__EXERCISE__
The output should be all lines of the entries below in which the word "Premium" occurs.

****************

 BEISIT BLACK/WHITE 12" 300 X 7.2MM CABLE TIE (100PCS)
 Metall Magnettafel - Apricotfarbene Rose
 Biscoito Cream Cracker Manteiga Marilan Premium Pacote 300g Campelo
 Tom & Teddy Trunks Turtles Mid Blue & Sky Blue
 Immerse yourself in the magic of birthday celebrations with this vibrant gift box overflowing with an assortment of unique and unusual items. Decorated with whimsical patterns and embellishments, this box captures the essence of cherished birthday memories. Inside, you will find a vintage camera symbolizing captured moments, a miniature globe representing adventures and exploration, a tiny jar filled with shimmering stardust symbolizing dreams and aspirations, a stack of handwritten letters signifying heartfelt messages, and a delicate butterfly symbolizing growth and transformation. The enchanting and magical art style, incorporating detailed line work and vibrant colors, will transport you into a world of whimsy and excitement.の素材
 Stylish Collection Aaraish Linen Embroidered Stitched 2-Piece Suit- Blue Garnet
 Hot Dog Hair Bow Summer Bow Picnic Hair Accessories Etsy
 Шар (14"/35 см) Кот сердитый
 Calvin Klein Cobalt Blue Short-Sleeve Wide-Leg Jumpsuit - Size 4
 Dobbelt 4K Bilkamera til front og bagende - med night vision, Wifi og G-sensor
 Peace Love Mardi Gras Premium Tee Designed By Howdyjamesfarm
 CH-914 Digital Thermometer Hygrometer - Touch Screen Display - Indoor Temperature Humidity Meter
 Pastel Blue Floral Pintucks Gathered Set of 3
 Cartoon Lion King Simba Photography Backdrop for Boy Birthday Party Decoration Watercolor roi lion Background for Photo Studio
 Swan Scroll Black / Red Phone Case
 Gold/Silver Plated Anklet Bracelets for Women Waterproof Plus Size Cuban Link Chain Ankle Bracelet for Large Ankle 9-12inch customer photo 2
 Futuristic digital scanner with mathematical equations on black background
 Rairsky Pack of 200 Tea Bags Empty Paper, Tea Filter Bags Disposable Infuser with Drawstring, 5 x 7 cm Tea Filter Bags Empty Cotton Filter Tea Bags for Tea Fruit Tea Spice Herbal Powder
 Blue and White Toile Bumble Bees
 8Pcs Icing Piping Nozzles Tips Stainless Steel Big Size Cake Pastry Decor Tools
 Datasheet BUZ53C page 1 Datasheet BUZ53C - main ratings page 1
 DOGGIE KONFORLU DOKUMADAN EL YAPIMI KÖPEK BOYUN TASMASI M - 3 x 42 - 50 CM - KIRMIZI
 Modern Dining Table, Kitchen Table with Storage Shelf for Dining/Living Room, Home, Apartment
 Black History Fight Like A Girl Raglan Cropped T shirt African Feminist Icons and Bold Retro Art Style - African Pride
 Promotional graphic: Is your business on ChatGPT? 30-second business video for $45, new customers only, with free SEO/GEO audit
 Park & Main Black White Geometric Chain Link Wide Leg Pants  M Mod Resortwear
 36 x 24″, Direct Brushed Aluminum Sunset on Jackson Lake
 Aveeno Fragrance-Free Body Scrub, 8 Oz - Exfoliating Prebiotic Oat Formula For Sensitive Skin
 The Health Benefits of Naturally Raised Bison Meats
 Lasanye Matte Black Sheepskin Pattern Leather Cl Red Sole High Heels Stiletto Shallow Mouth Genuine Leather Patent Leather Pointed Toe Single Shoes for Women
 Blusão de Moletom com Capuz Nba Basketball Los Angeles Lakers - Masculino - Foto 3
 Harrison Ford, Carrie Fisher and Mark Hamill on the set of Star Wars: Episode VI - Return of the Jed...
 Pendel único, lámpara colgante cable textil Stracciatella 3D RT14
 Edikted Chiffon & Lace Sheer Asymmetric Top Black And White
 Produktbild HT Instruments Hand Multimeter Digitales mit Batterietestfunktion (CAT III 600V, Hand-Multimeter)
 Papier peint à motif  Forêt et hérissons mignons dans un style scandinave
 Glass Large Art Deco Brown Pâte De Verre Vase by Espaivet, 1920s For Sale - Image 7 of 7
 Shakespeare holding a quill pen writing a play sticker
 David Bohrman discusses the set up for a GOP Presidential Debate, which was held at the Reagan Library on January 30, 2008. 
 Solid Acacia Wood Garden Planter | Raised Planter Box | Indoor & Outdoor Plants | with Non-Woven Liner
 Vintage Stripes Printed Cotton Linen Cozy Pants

****************

__TASK RESULT__
 Biscoito Cream Cracker Manteiga Marilan Premium Pacote 300g Campelo
 Peace Love Mardi Gras Premium Tee Designed By Howdyjamesfarm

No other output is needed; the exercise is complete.